**Material for this exercise:**
━━━━━━━━━━━━━━━━━━━━

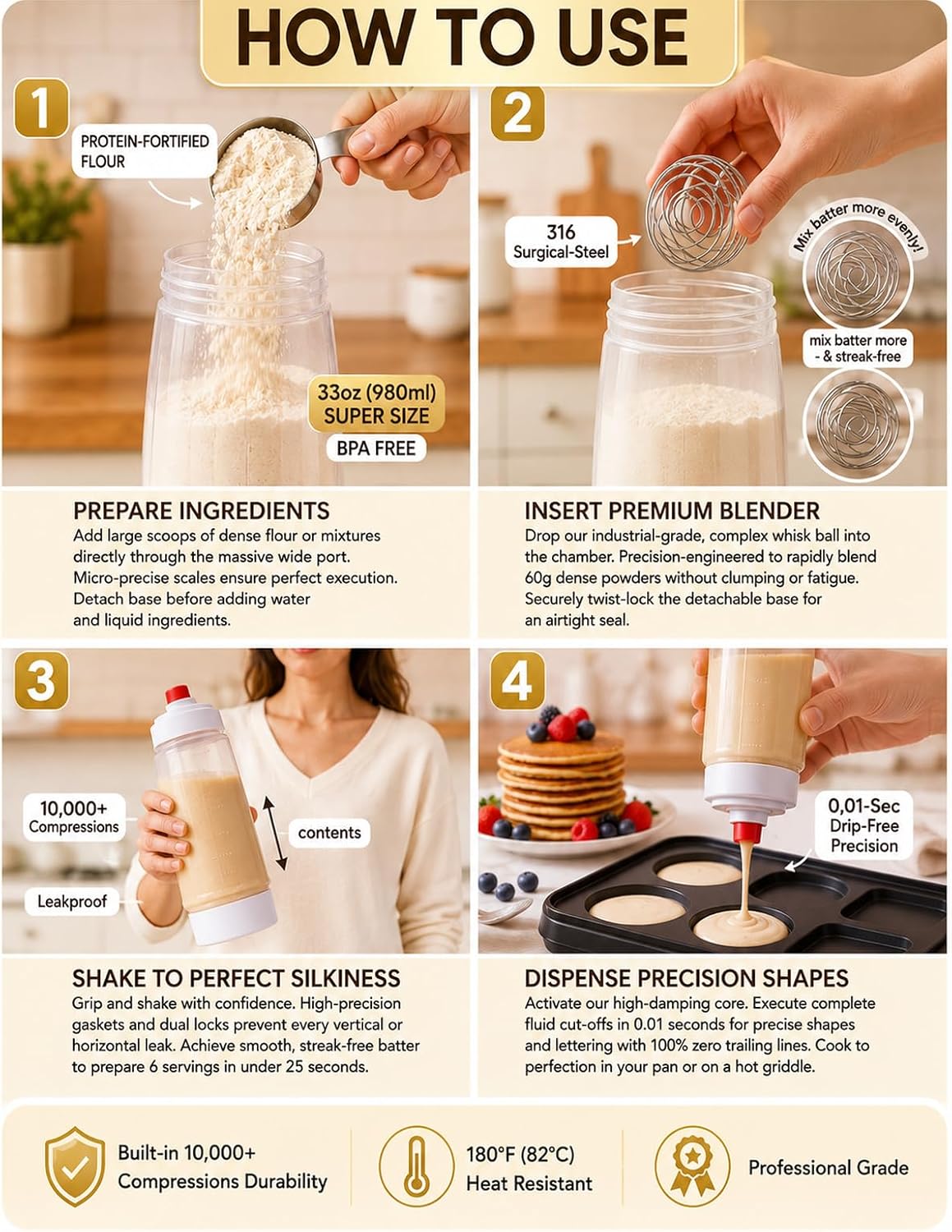 10-Piece Pancake Dispenser Bottle Set, Super Large Leakproof 33oz Squeeze Bottles for Pancake Batter and Protein Shakes with 2 Whisk Balls 2 Danish Dough Whisks 2 Spatulas and 2 Cleaning Brushes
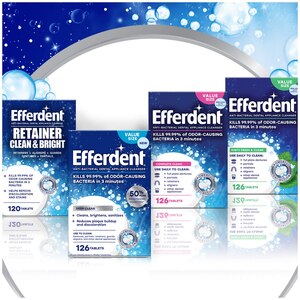 Efferdent PM Overnight Anti-Bacterial Dental Appliance Cleanser, 126 CT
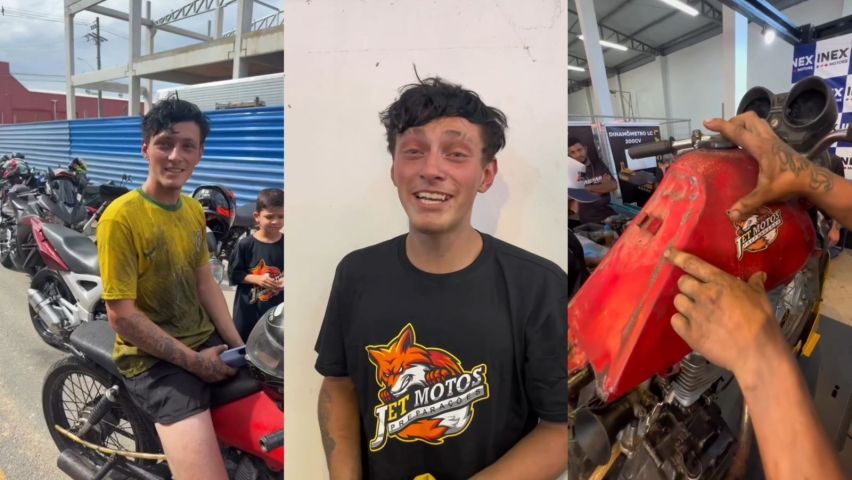Jovem de Jaguaruna viraliza ao mostrar moto simples e mobiliza campanha solidária após emocionar influenciador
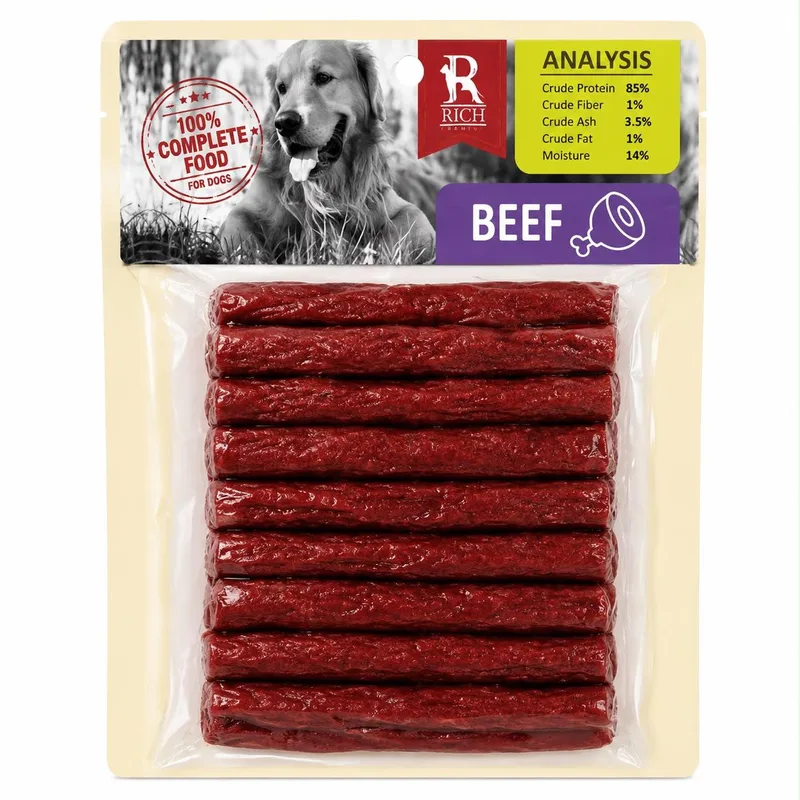Rich Bone - Beef Dog Treats - 10 Pieces - 100% Complete Food & High Protein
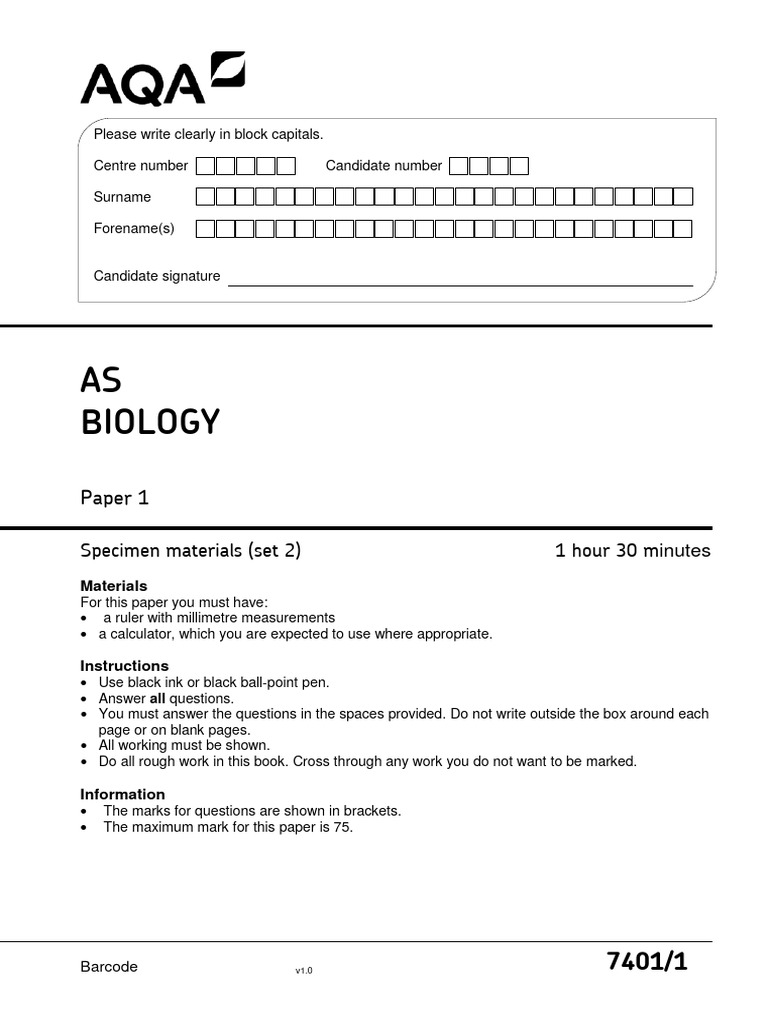 Biology Paper 1 Specimen Materials | PDF | Antibody | Vaccines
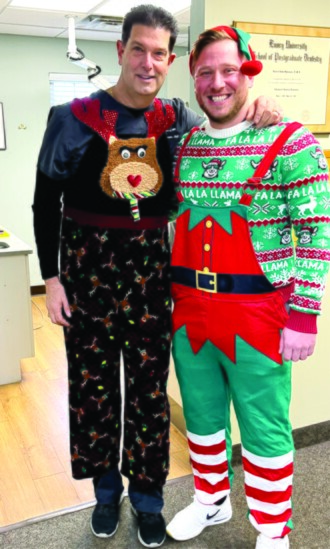 BOTTOM: Dr. Robert Spennato and Dr. Jarred Gettes wear fun holiday spirited clothing for their patients to enjoy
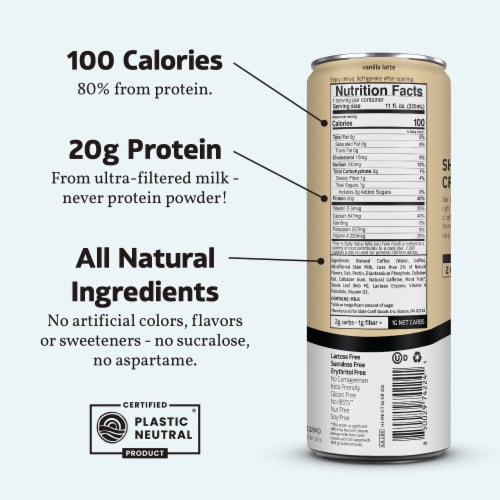 Slate Vanilla Latte High Protein Iced Coffee 11oz Perspective: back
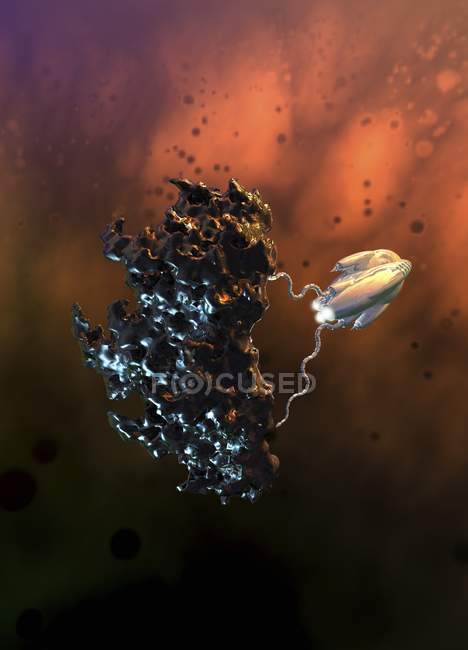 Nanomachine attacking cancer cells, digital illustration — Stock Photo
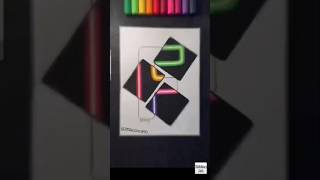 quotFquot letter with neon lights🎨 shorts drawing art youtubeshorts shortsfeed viralshorts [upl. by Orvil]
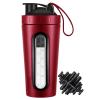 Jeedoo Protein Shaker Bottle, 28oz Shaker Bottles for Protein Mixes and Pre Workout, Visible Window, Stainless Steel Shaker Bottle Leak Proof (red) view 1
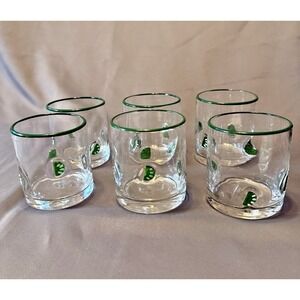(6) Fused‎ Lime Set of Whiskey Juice 4" Old Fashioned Glasses Green Rimmed Viral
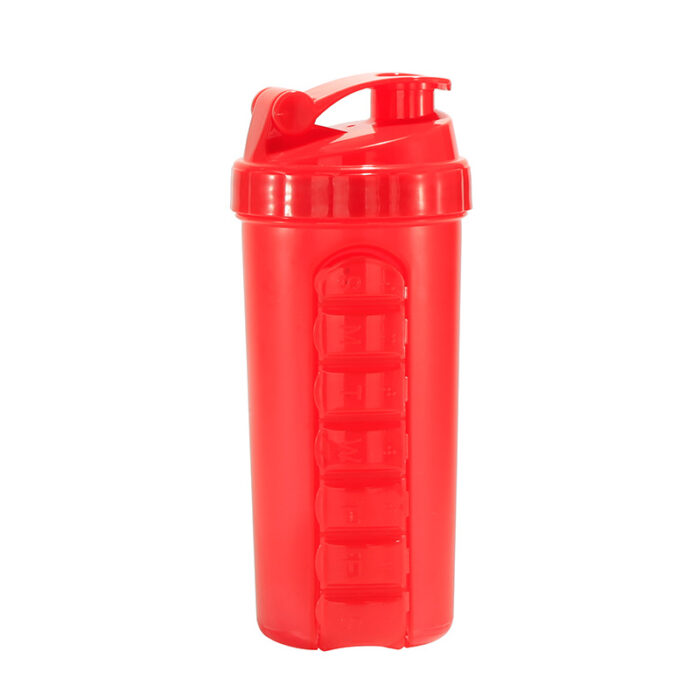 Durable Plastic Protein Shaker Cup with Pill Box Storage Convenient Reusable Sports Bottle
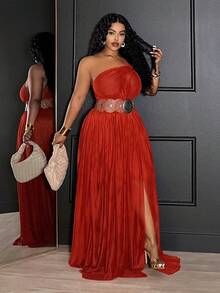 Slaydiva 2025 Spring, Summer, Autumn, Winter New Music Festival, Easter, Western, Nomadic Style Birthday Party, Casual, Leisure, Cruise Travel, Beach, Sunbathing Viral Sensation Rust Red High Slit Western Chiffon Maxi Dress, Sexy Elegant Plus Size Dress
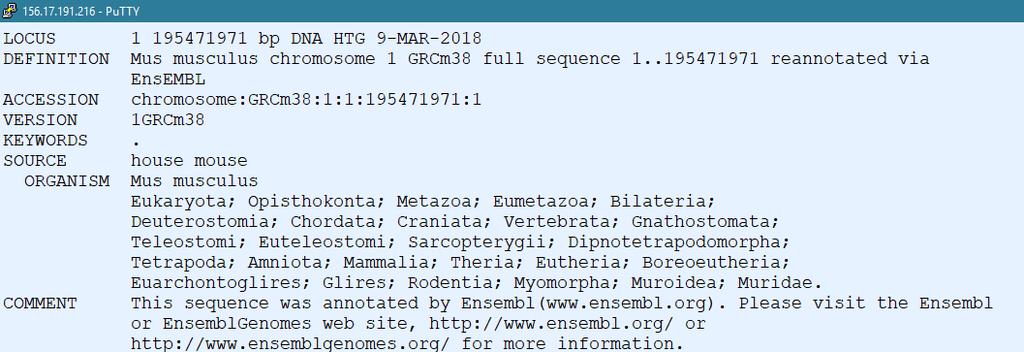 ENSEMBL More extensive sequence annotation by means of feature tables and contain thus the genome sequence as annotated by the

━━━━━━━━━━━━━━━━━━━━

**Task brief:** Where a line contains "(6) Fused‎ Lime", begin there and set down exactly each line through the end of the data above, omitting any pictures.

**Final answer:**
(6) Fused‎ Lime Set of Whiskey Juice 4" Old Fashioned Glasses Green Rimmed Viral
 Durable Plastic Protein Shaker Cup with Pill Box Storage Convenient Reusable Sports Bottle
 Slaydiva 2025 Spring, Summer, Autumn, Winter New Music Festival, Easter, Western, Nomadic Style Birthday Party, Casual, Leisure, Cruise Travel, Beach, Sunbathing Viral Sensation Rust Red High Slit Western Chiffon Maxi Dress, Sexy Elegant Plus Size Dress
 ENSEMBL More extensive sequence annotation by means of feature tables and contain thus the genome sequence as annotated by the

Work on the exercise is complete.